» THE PROBLEM:
Every line from the one with "Massimo Dutti P.T" to the final line of the records should be printed exactly as it is, with pictures left out.

» INFORMATION:
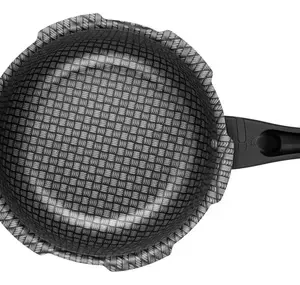 Panela de Pressão Patolux 5L Antiaderente Alumínio Preto Fecho Externo - Imagem 5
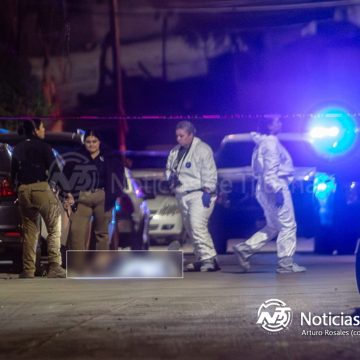 Ejecutan a hombre a balazos en la colonia Mariano Matamoros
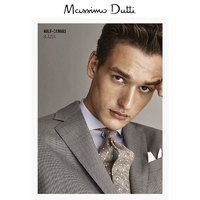 Massimo Dutti P.T 限量 02033306802 男装 半身内衬羊毛/山羊绒西装外套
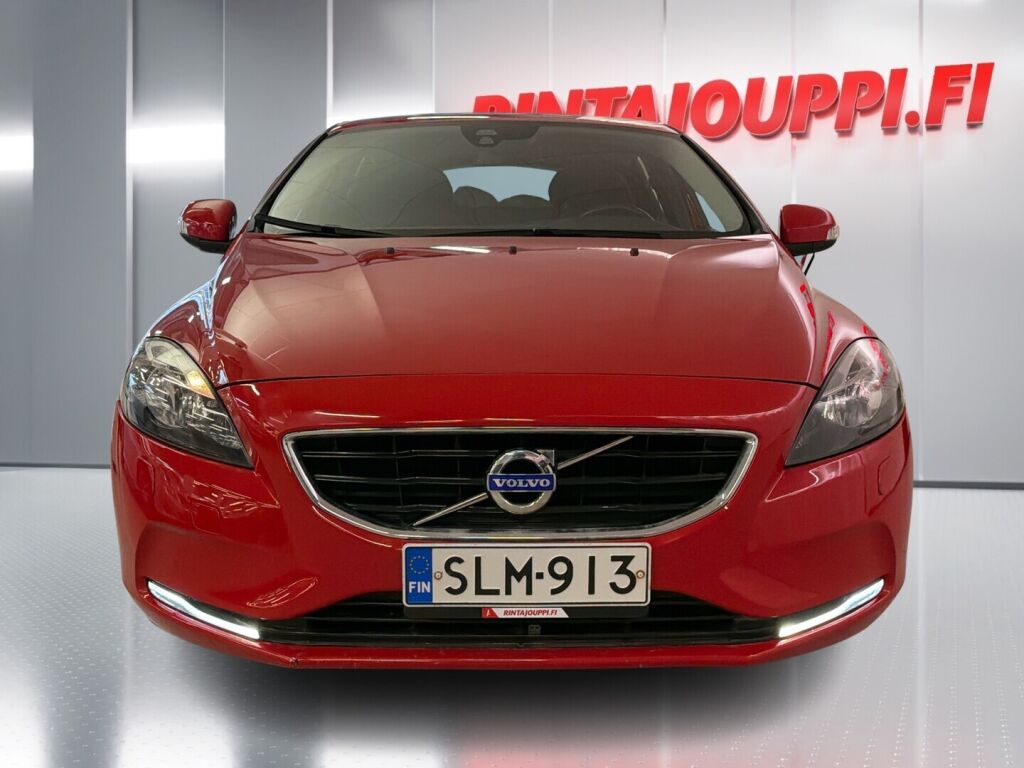 Volvo V40 2014 Punainen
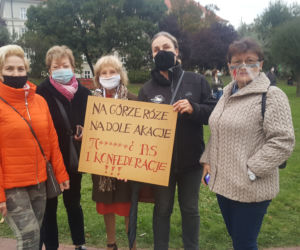 Kolejny dzień protestów. Ponad tysiąc osób przeszło ulicami Gliwic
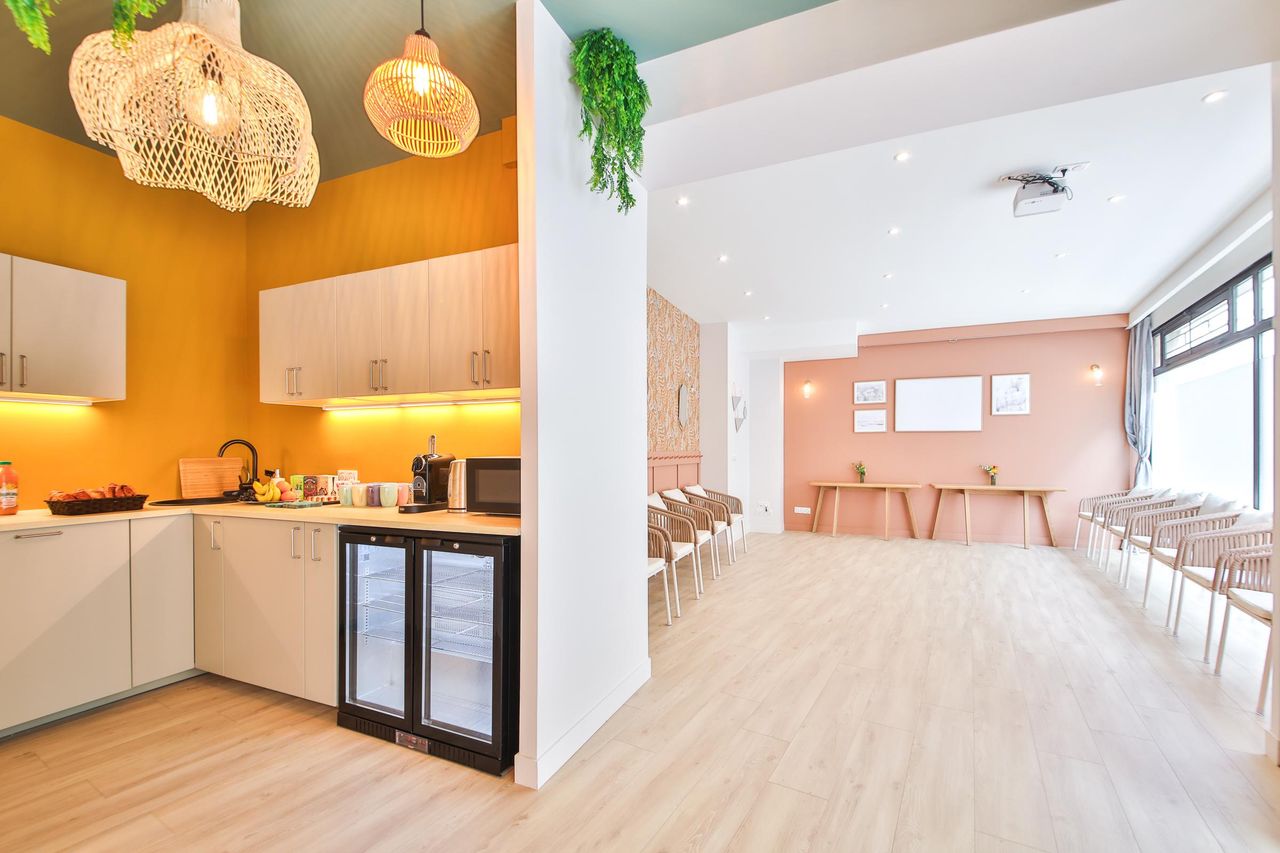 Parijs  Vergaderzalen Salle Ocre image 19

» WORKED SOLUTION:
 Massimo Dutti P.T 限量 02033306802 男装 半身内衬羊毛/山羊绒西装外套
 Volvo V40 2014 Punainen
 Kolejny dzień protestów. Ponad tysiąc osób przeszło ulicami Gliwic
 Parijs  Vergaderzalen Salle Ocre image 19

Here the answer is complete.